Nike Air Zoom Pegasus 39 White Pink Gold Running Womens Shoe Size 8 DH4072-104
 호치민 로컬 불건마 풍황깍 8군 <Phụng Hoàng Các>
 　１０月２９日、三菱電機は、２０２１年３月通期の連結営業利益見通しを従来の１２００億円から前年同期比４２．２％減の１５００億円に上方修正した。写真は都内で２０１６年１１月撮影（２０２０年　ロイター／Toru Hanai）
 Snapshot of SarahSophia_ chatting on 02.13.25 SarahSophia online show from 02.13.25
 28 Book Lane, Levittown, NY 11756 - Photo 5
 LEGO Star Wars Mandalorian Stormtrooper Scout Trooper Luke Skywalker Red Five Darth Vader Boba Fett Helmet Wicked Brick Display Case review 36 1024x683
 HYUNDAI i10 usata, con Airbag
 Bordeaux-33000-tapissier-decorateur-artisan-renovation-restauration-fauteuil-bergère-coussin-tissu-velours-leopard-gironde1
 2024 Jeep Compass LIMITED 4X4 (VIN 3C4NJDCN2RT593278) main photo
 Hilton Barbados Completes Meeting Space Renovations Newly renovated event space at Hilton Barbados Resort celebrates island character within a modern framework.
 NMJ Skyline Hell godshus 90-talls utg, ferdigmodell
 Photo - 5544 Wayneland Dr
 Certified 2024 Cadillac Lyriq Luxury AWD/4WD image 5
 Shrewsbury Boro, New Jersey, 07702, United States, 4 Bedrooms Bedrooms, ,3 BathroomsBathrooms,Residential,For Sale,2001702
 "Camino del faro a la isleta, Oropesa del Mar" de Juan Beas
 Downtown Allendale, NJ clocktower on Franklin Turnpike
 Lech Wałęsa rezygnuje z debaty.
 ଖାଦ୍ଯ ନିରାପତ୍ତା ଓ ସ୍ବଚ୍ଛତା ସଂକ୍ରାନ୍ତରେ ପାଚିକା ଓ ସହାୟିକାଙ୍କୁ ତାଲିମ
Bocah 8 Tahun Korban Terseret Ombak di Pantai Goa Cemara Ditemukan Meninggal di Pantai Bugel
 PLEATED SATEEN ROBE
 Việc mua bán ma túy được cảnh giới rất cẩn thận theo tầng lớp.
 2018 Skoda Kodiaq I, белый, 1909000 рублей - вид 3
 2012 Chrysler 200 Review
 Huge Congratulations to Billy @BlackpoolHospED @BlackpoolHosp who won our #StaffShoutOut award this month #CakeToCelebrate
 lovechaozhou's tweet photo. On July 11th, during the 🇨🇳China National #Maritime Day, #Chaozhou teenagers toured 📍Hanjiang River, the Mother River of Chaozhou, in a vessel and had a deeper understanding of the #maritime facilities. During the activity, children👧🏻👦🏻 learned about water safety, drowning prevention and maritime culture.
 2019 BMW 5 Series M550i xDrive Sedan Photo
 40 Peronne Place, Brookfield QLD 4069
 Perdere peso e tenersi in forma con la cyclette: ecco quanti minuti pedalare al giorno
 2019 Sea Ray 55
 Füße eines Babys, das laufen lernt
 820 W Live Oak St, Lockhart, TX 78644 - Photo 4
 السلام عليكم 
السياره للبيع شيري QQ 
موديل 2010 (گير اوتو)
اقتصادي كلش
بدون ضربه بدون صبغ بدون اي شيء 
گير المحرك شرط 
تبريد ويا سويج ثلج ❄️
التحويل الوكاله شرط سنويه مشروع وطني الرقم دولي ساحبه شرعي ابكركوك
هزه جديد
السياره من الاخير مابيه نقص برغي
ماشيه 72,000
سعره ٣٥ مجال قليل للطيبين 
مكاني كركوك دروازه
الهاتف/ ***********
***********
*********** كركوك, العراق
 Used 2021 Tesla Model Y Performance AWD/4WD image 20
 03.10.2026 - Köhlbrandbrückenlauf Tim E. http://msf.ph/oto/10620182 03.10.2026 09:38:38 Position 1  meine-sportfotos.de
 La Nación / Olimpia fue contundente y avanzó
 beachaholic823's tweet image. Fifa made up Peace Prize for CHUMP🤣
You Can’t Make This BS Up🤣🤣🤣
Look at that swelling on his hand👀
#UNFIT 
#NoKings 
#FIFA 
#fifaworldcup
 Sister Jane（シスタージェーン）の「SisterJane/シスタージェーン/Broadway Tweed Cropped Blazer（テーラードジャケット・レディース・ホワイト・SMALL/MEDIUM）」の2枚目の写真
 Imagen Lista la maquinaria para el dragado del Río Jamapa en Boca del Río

══════════

The entire listing must be repeated without a single change.

Nike Air Zoom Pegasus 39 White Pink Gold Running Womens Shoe Size 8 DH4072-104
 호치민 로컬 불건마 풍황깍 8군 <Phụng Hoàng Các>
 　１０月２９日、三菱電機は、２０２１年３月通期の連結営業利益見通しを従来の１２００億円から前年同期比４２．２％減の１５００億円に上方修正した。写真は都内で２０１６年１１月撮影（２０２０年　ロイター／Toru Hanai）
 Snapshot of SarahSophia_ chatting on 02.13.25 SarahSophia online show from 02.13.25
 28 Book Lane, Levittown, NY 11756 - Photo 5
 LEGO Star Wars Mandalorian Stormtrooper Scout Trooper Luke Skywalker Red Five Darth Vader Boba Fett Helmet Wicked Brick Display Case review 36 1024x683
 HYUNDAI i10 usata, con Airbag
 Bordeaux-33000-tapissier-decorateur-artisan-renovation-restauration-fauteuil-bergère-coussin-tissu-velours-leopard-gironde1
 2024 Jeep Compass LIMITED 4X4 (VIN 3C4NJDCN2RT593278) main photo
 Hilton Barbados Completes Meeting Space Renovations Newly renovated event space at Hilton Barbados Resort celebrates island character within a modern framework.
 NMJ Skyline Hell godshus 90-talls utg, ferdigmodell
 Photo - 5544 Wayneland Dr
 Certified 2024 Cadillac Lyriq Luxury AWD/4WD image 5
 Shrewsbury Boro, New Jersey, 07702, United States, 4 Bedrooms Bedrooms, ,3 BathroomsBathrooms,Residential,For Sale,2001702
 "Camino del faro a la isleta, Oropesa del Mar" de Juan Beas
 Downtown Allendale, NJ clocktower on Franklin Turnpike
 Lech Wałęsa rezygnuje z debaty.
 ଖାଦ୍ଯ ନିରାପତ୍ତା ଓ ସ୍ବଚ୍ଛତା ସଂକ୍ରାନ୍ତରେ ପାଚିକା ଓ ସହାୟିକାଙ୍କୁ ତାଲିମ
Bocah 8 Tahun Korban Terseret Ombak di Pantai Goa Cemara Ditemukan Meninggal di Pantai Bugel
 PLEATED SATEEN ROBE
 Việc mua bán ma túy được cảnh giới rất cẩn thận theo tầng lớp.
 2018 Skoda Kodiaq I, белый, 1909000 рублей - вид 3
 2012 Chrysler 200 Review
 Huge Congratulations to Billy @BlackpoolHospED @BlackpoolHosp who won our #StaffShoutOut award this month #CakeToCelebrate
 lovechaozhou's tweet photo. On July 11th, during the 🇨🇳China National #Maritime Day, #Chaozhou teenagers toured 📍Hanjiang River, the Mother River of Chaozhou, in a vessel and had a deeper understanding of the #maritime facilities. During the activity, children👧🏻👦🏻 learned about water safety, drowning prevention and maritime culture.
 2019 BMW 5 Series M550i xDrive Sedan Photo
 40 Peronne Place, Brookfield QLD 4069
 Perdere peso e tenersi in forma con la cyclette: ecco quanti minuti pedalare al giorno
 2019 Sea Ray 55
 Füße eines Babys, das laufen lernt
 820 W Live Oak St, Lockhart, TX 78644 - Photo 4
 السلام عليكم 
السياره للبيع شيري QQ 
موديل 2010 (گير اوتو)
اقتصادي كلش
بدون ضربه بدون صبغ بدون اي شيء 
گير المحرك شرط 
تبريد ويا سويج ثلج ❄️
التحويل الوكاله شرط سنويه مشروع وطني الرقم دولي ساحبه شرعي ابكركوك
هزه جديد
السياره من الاخير مابيه نقص برغي
ماشيه 72,000
سعره ٣٥ مجال قليل للطيبين 
مكاني كركوك دروازه
الهاتف/ ***********
***********
*********** كركوك, العراق
 Used 2021 Tesla Model Y Performance AWD/4WD image 20
 03.10.2026 - Köhlbrandbrückenlauf Tim E. http://msf.ph/oto/10620182 03.10.2026 09:38:38 Position 1  meine-sportfotos.de
 La Nación / Olimpia fue contundente y avanzó
 beachaholic823's tweet image. Fifa made up Peace Prize for CHUMP🤣
You Can’t Make This BS Up🤣🤣🤣
Look at that swelling on his hand👀
#UNFIT 
#NoKings 
#FIFA 
#fifaworldcup
 Sister Jane（シスタージェーン）の「SisterJane/シスタージェーン/Broadway Tweed Cropped Blazer（テーラードジャケット・レディース・ホワイト・SMALL/MEDIUM）」の2枚目の写真
 Imagen Lista la maquinaria para el dragado del Río Jamapa en Boca del Río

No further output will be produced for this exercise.